Records drawn from a dataset
=== Section Start ===

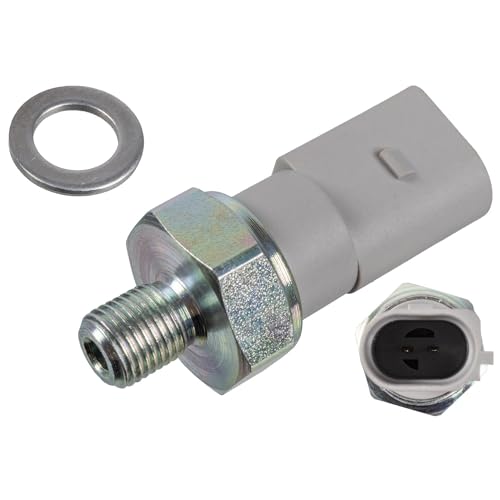 febi bilstein 175255 Oil Pressure Switch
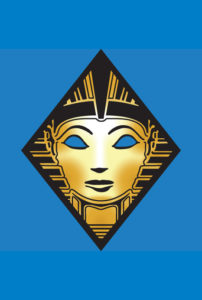 Egyptian Board of REALTORS®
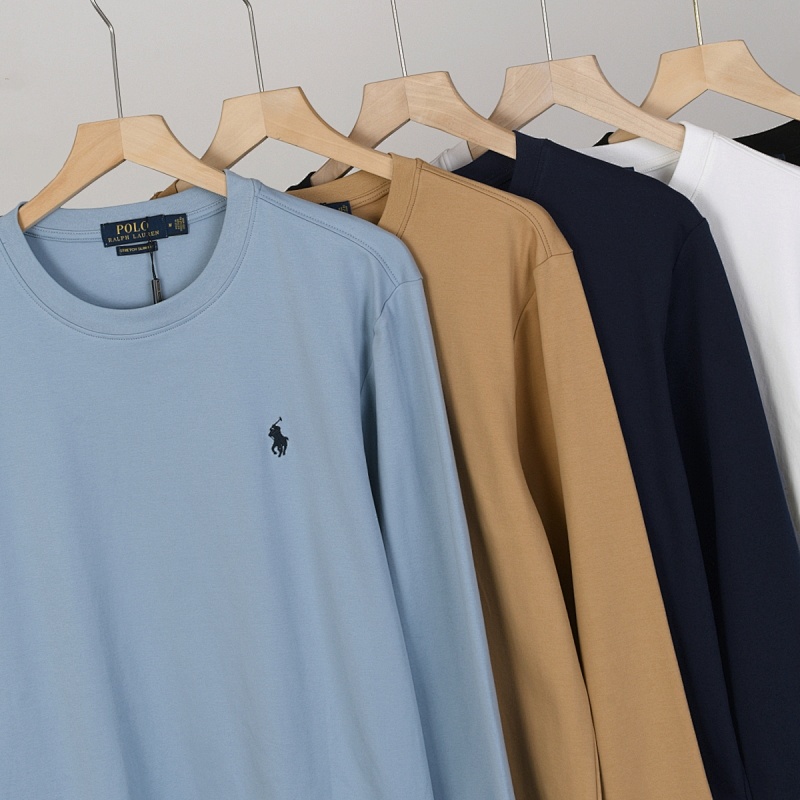 Ralph Lauren Polo Pony · A2491 — תמונה 29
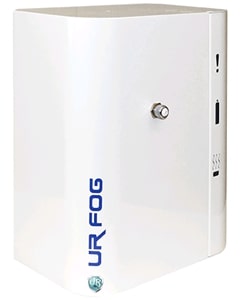 F2SN220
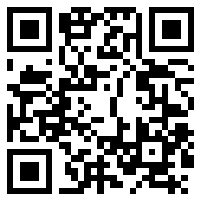 QR Code for 1B2LTDyHVgPFRKZhPU1CYYPXdwVzarDDfd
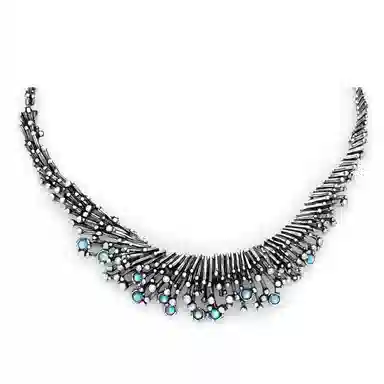 GIOVANNI RASPINI Fireworks 925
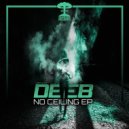 dEEb - Arp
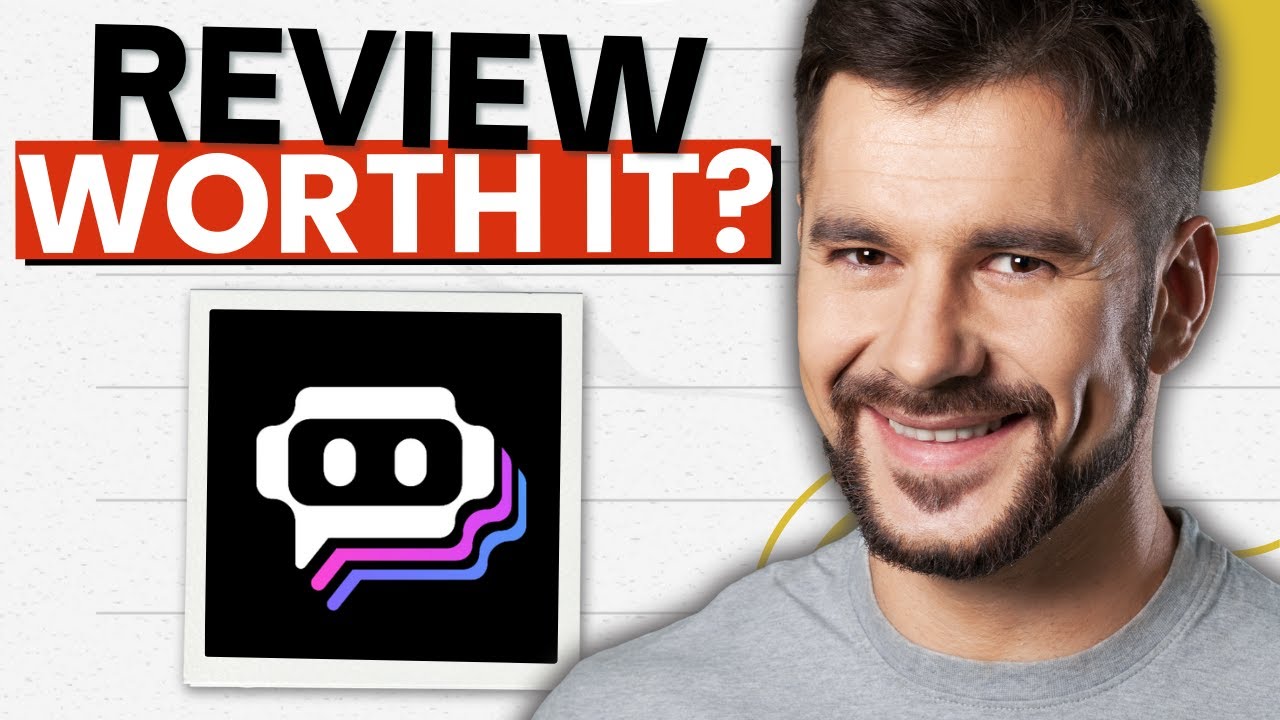 Poe AI Review (2026): What is POE Artificial Intelligence REALLY Like?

=== Section End ===

Your assignment
All lines from the one containing "Egyptian Board of REALTORS®" through the end of the data are to be restated exactly, with nothing else and without the pictures.

Reply to the exercise
 Egyptian Board of REALTORS®
 Ralph Lauren Polo Pony · A2491 — תמונה 29
 F2SN220
 QR Code for 1B2LTDyHVgPFRKZhPU1CYYPXdwVzarDDfd
 GIOVANNI RASPINI Fireworks 925
 dEEb - Arp
 Poe AI Review (2026): What is POE Artificial Intelligence REALLY Like?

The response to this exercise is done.